**Work instructions**: Start to finish, print the data below exactly, without the images.

**Source data**:
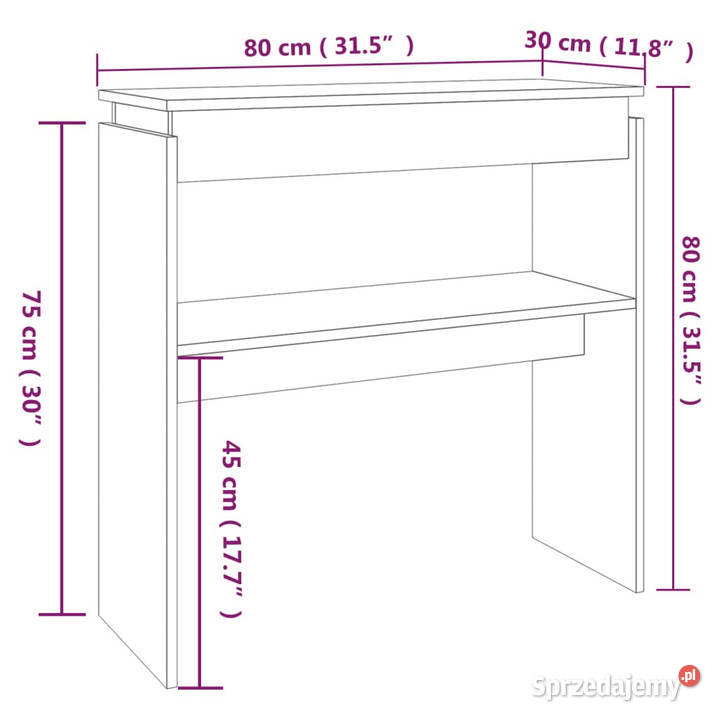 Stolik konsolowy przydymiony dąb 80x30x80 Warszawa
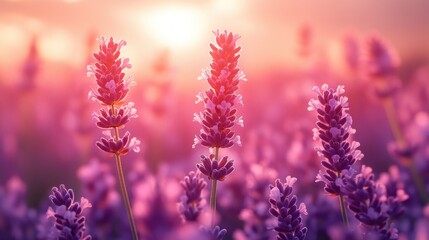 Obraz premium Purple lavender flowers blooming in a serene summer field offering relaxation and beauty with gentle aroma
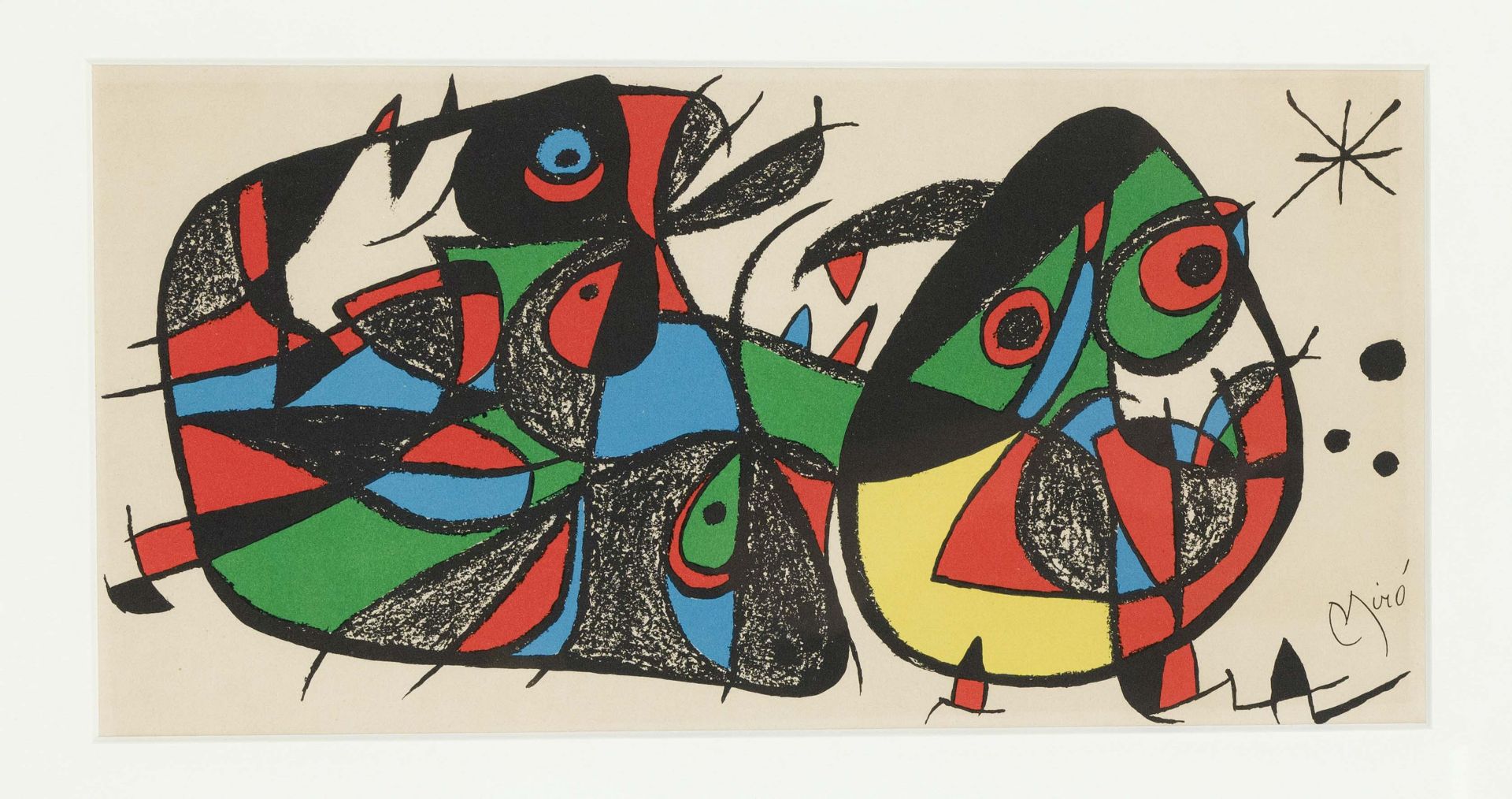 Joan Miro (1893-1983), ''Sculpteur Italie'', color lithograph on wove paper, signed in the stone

**Output for this exercise**:
 Stolik konsolowy przydymiony dąb 80x30x80 Warszawa
 Obraz premium Purple lavender flowers blooming in a serene summer field offering relaxation and beauty with gentle aroma
 Joan Miro (1893-1983), ''Sculpteur Italie'', color lithograph on wove paper, signed in the stone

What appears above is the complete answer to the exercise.